▸ **WHAT THE TASK REQUIRES**
Pictures aside, restate the records below exactly as written.

*** Opening of AVAILABLE DATA ***

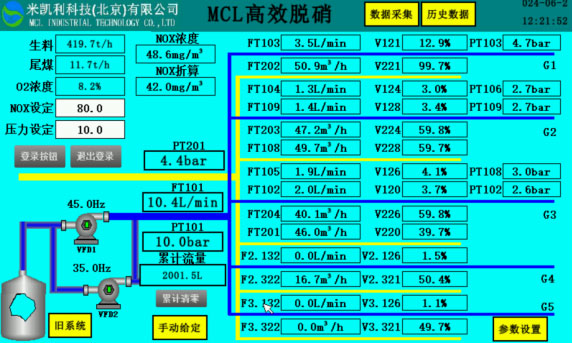 Accurate denitrification control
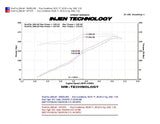 Injen Injen 03-08 Hyundai Tiburon 2.7L V6 Black Cold Air Intake w/ MR Tech SP1375BLK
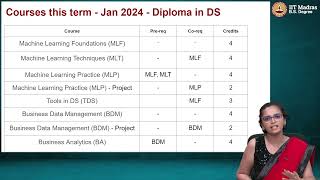 IITM BS Diploma Level Orientation [upl. by Heinrike]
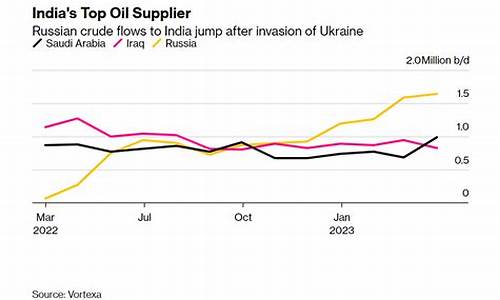 俄罗斯原油价格最新消息实时_俄罗斯原油多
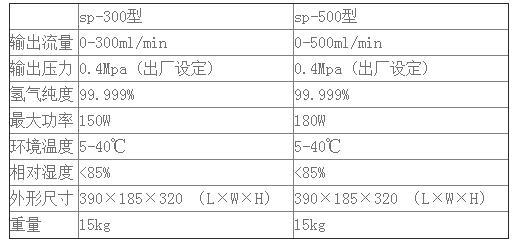 水氢气发生器.jpg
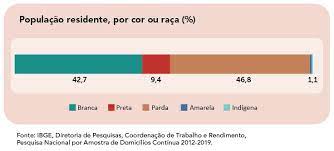 População brasileira ibge, raça e etnia a formação do povo brasileiro é heterogênea, sendo constituída por diferentes grupos. Cor Ou Raca Educa Jovens Ibge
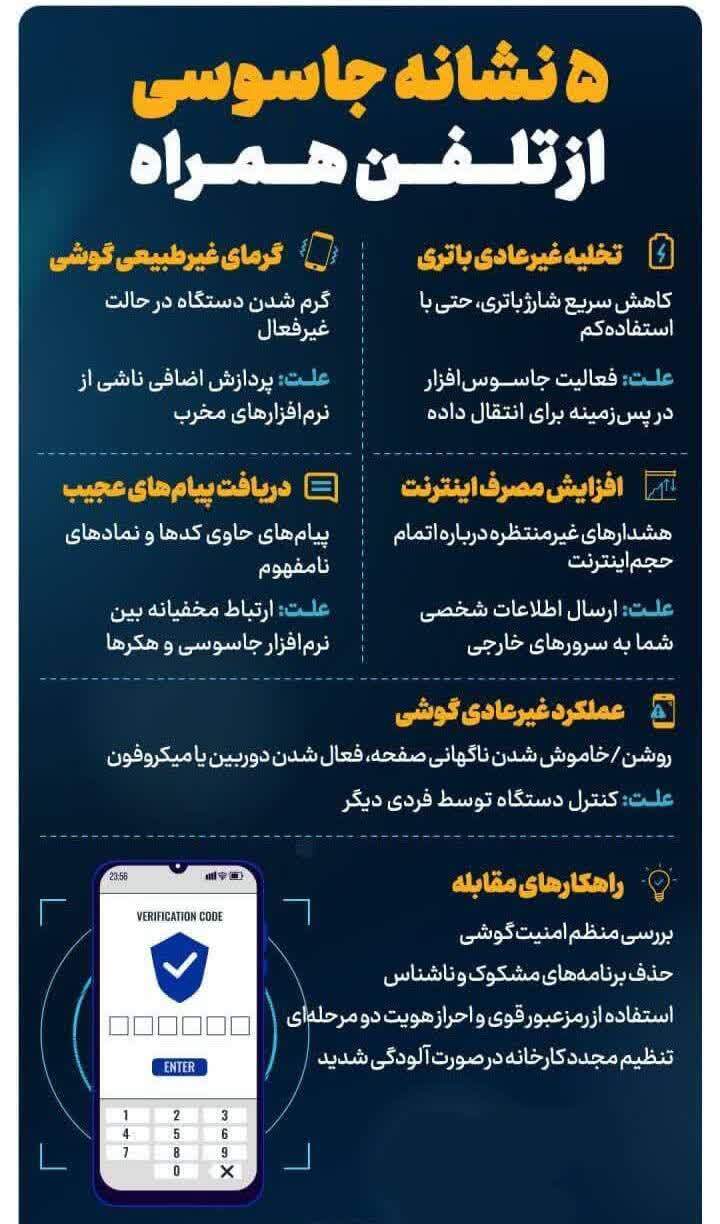 جاسوسی از موبایل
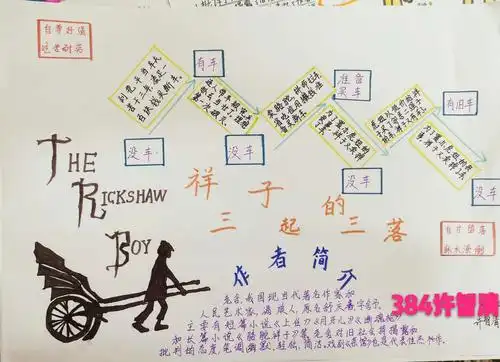 人脑有异,图不同一 ——峪宏中学七年级三级部《骆驼祥子》思维导图集
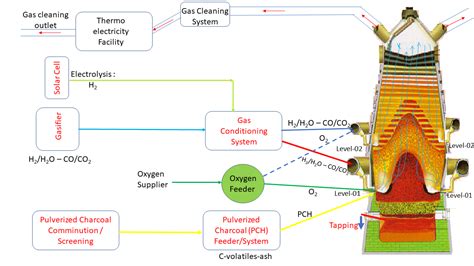 Metals | Free Full-Text | The Mini Blast Furnace Process: An Efficient ...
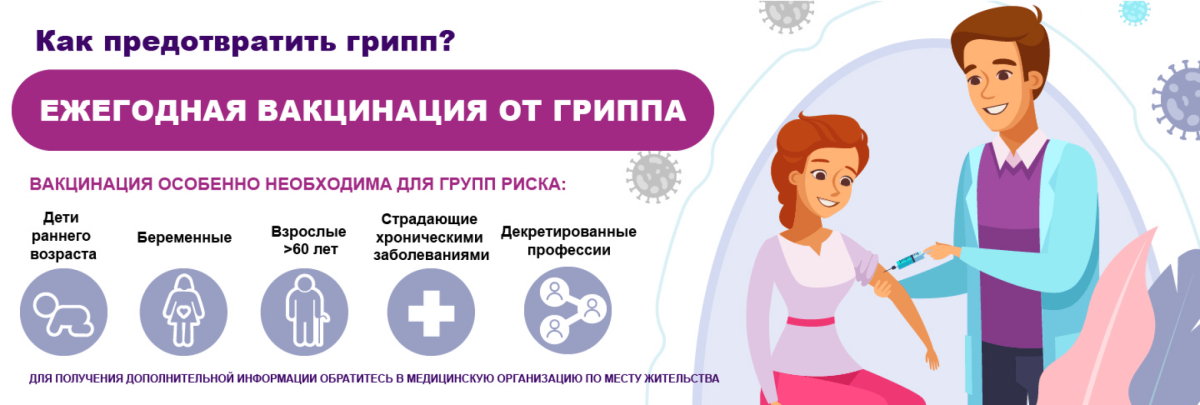 Вакцинация от гриппа 2020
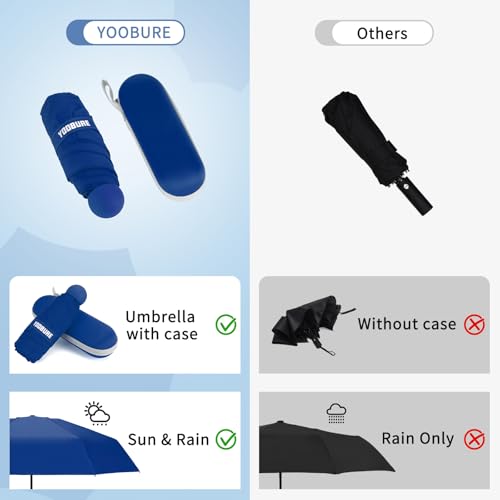 Yoobure Travel Umbrella Portable Compact Umbrellas, Pocket Mini for Purse, Umbrellas for UV Sun & Rain Small for Backpack, Umbrella with Case Folding for Kids Women - Image 4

*** Close of AVAILABLE DATA ***

▸ **ANSWER BELOW**
 Accurate denitrification control
 Injen Injen 03-08 Hyundai Tiburon 2.7L V6 Black Cold Air Intake w/ MR Tech SP1375BLK
 IITM BS Diploma Level Orientation [upl. by Heinrike]
 俄罗斯原油价格最新消息实时_俄罗斯原油多
 水氢气发生器.jpg
 População brasileira ibge, raça e etnia a formação do povo brasileiro é heterogênea, sendo constituída por diferentes grupos. Cor Ou Raca Educa Jovens Ibge
 جاسوسی از موبایل
 人脑有异,图不同一 ——峪宏中学七年级三级部《骆驼祥子》思维导图集
 Metals | Free Full-Text | The Mini Blast Furnace Process: An Efficient ...
 Вакцинация от гриппа 2020
 Yoobure Travel Umbrella Portable Compact Umbrellas, Pocket Mini for Purse, Umbrellas for UV Sun & Rain Small for Backpack, Umbrella with Case Folding for Kids Women - Image 4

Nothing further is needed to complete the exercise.